▶ What to produce:
Retype each line of the material below word for word; pictures stay out.

▶ Dataset content:
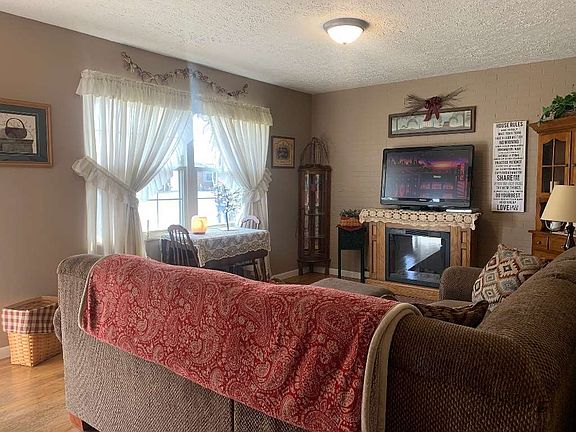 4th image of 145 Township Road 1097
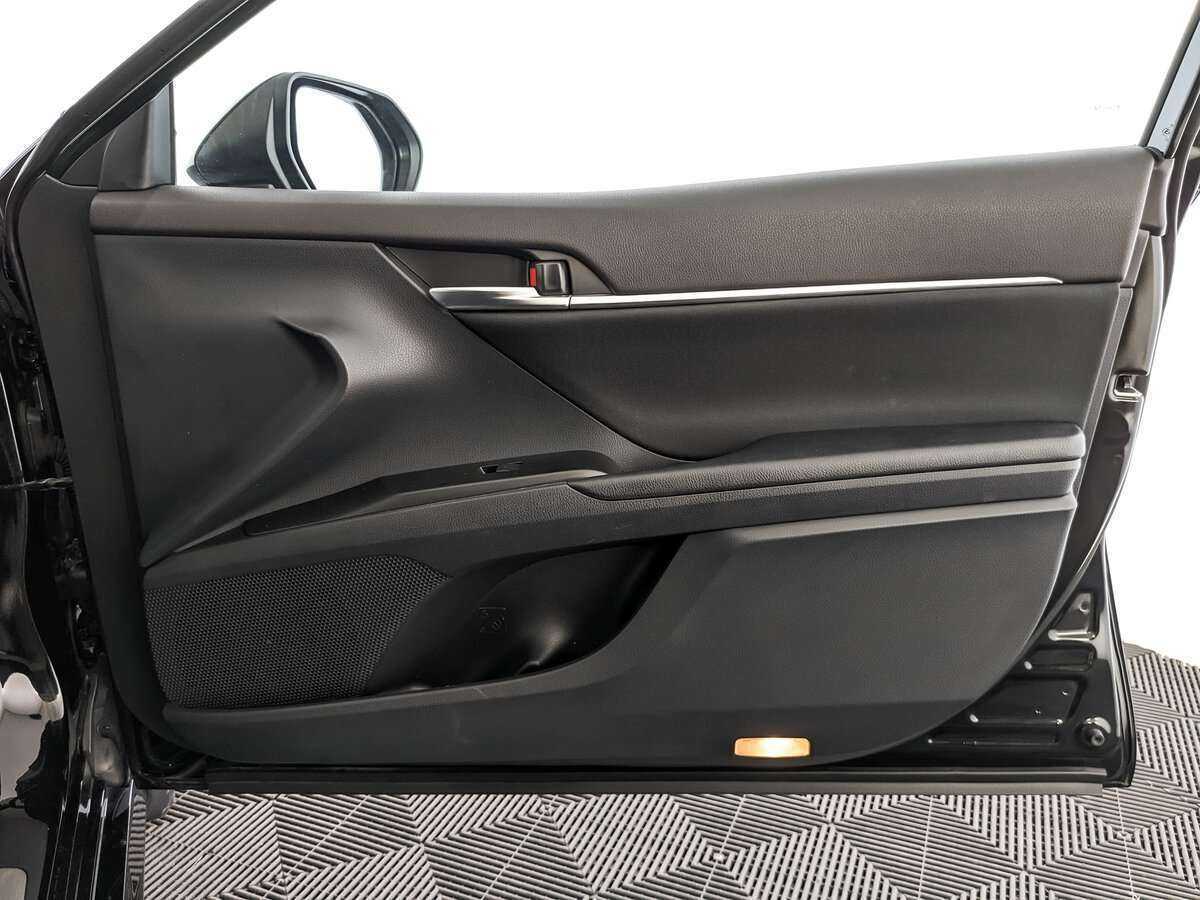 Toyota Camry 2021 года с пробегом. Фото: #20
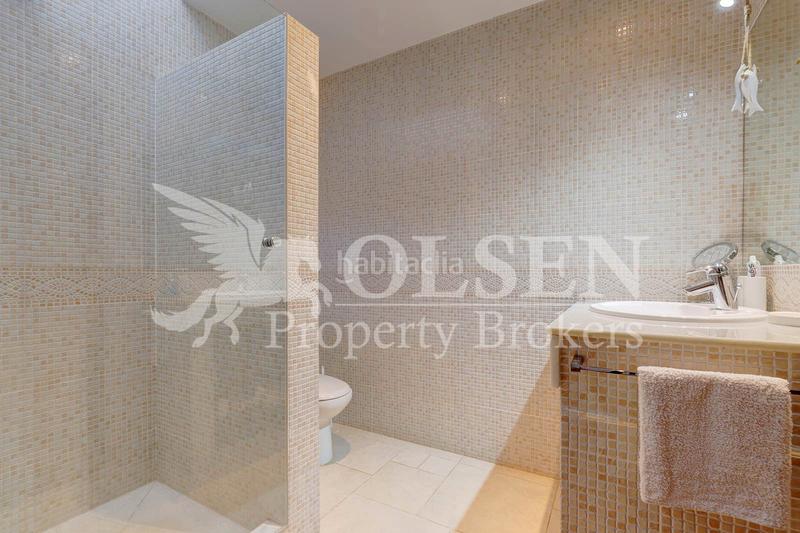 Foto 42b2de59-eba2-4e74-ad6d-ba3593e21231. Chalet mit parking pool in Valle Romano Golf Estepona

▶ Finished task:
 4th image of 145 Township Road 1097
 Toyota Camry 2021 года с пробегом. Фото: #20
 Foto 42b2de59-eba2-4e74-ad6d-ba3593e21231. Chalet mit parking pool in Valle Romano Golf Estepona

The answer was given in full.